(Source records)
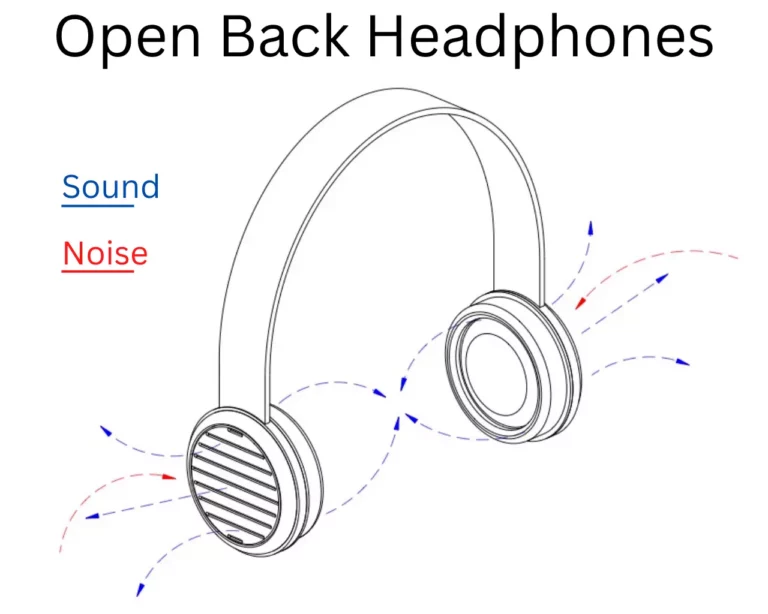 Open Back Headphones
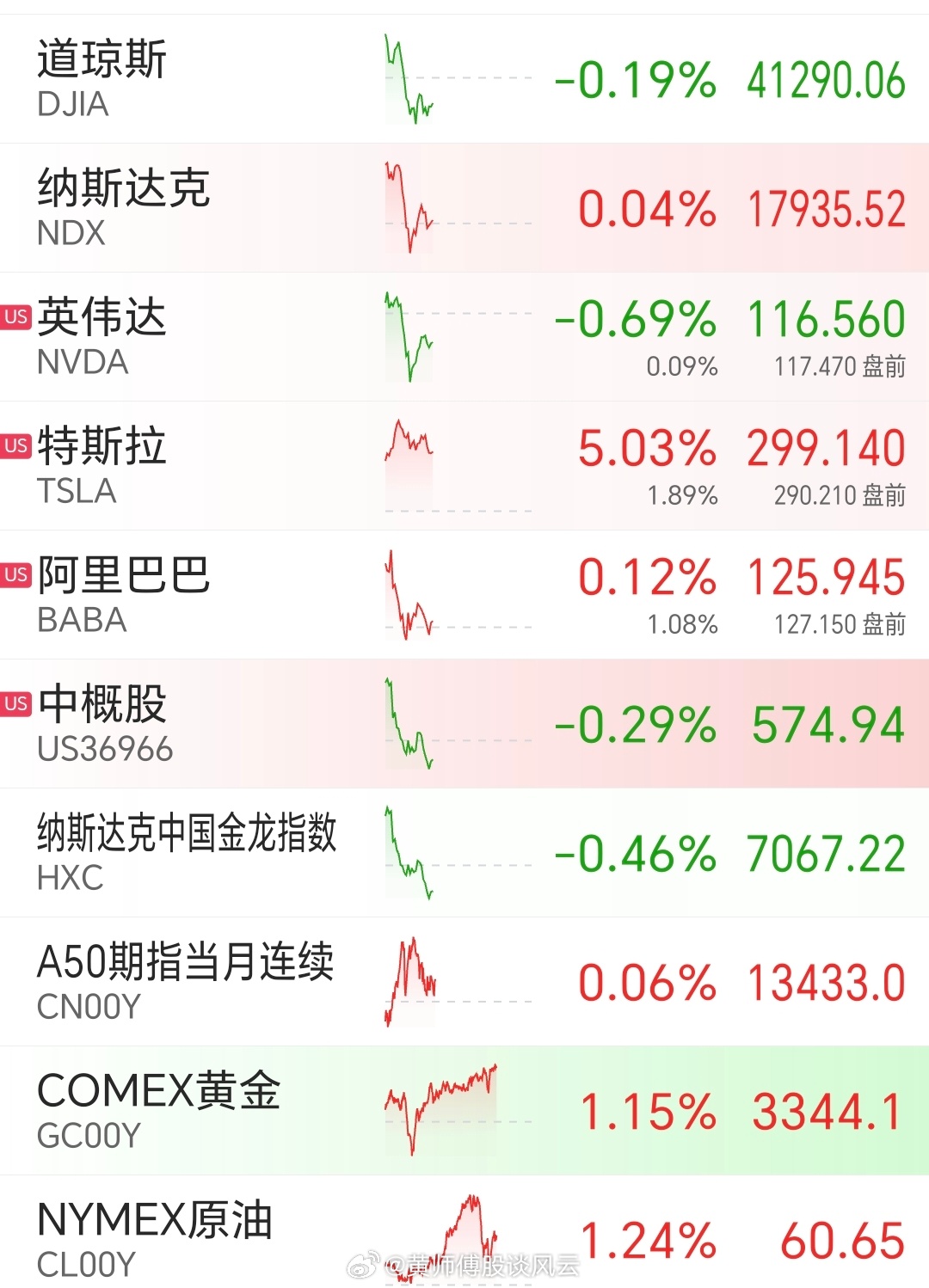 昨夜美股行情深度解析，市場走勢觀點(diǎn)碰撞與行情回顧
(End Source records)
(Source records)
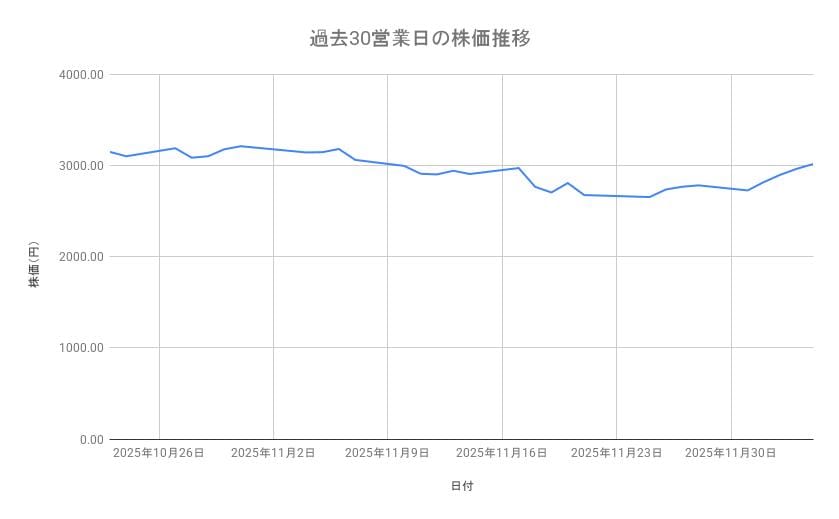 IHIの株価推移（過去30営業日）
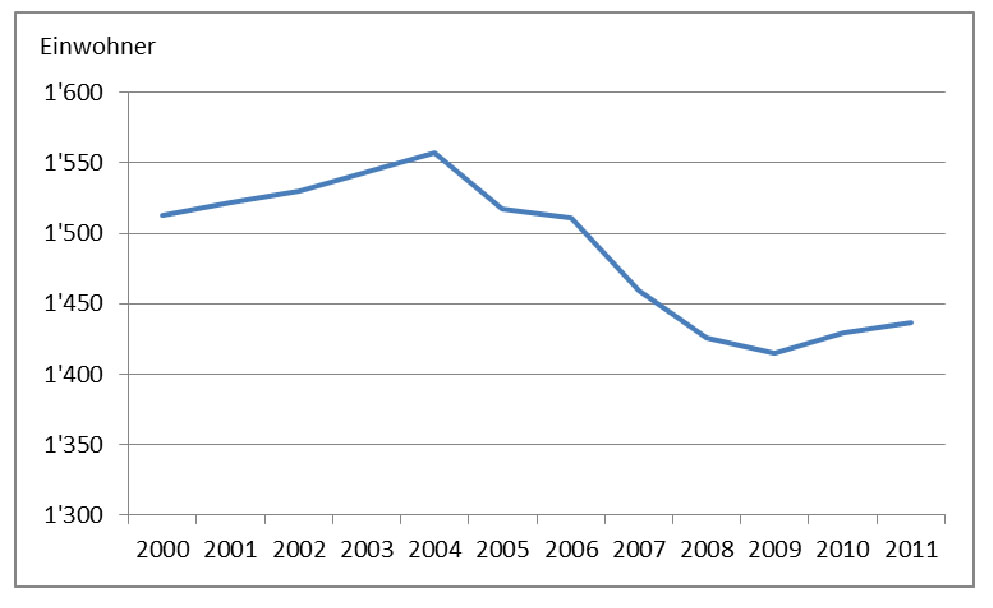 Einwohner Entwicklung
(End Source records)
(Source records)
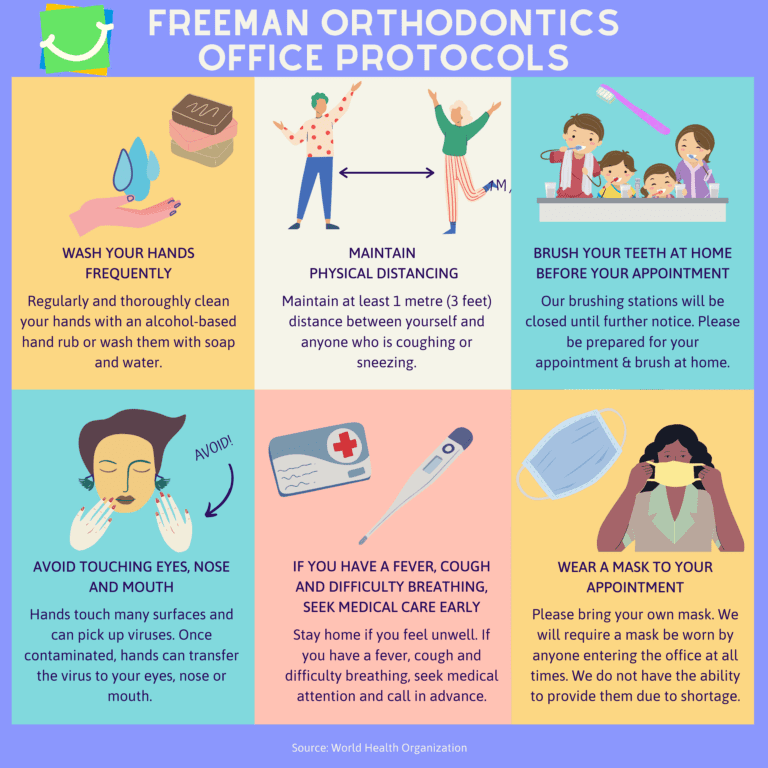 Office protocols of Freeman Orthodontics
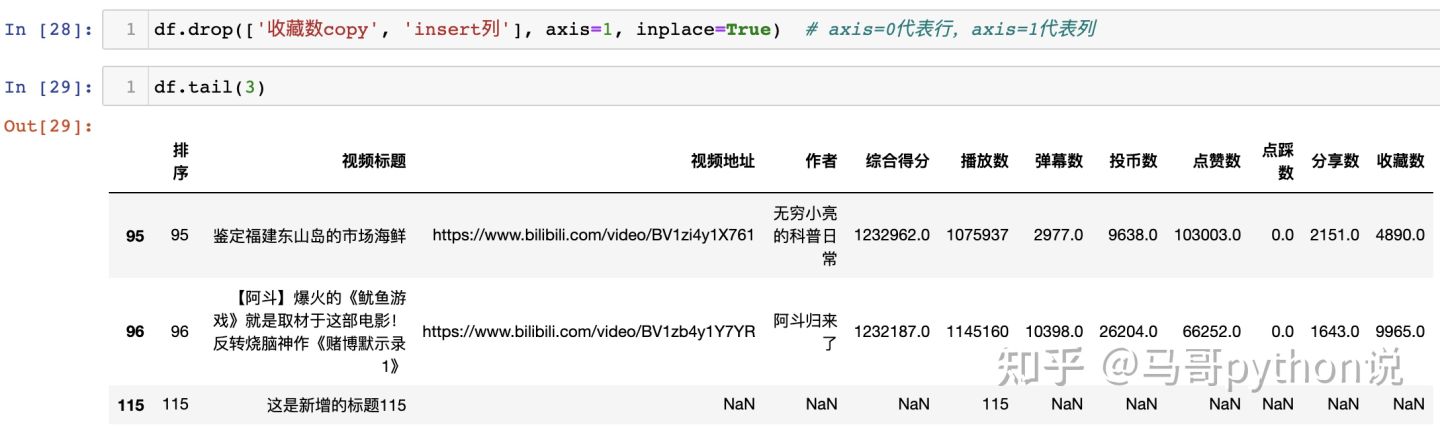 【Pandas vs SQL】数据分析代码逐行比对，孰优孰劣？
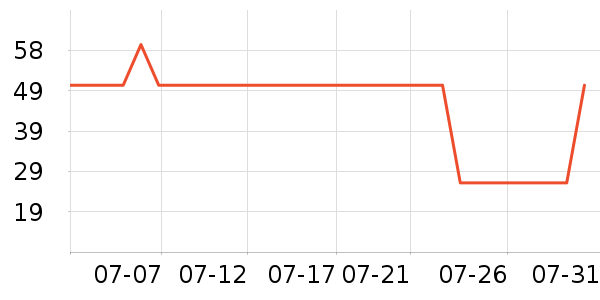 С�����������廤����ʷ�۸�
(End Source records)
- [Instructions to follow]: Would you please reproduce the entries above, starting at the line with "Open Back Headphones" and stopping after the line with "昨夜美股行情深度解析，市場走勢觀點(diǎn)碰撞與行情回顧"? Omit any pictures.

- [Response to the task]:
 Open Back Headphones
 昨夜美股行情深度解析，市場走勢觀點(diǎn)碰撞與行情回顧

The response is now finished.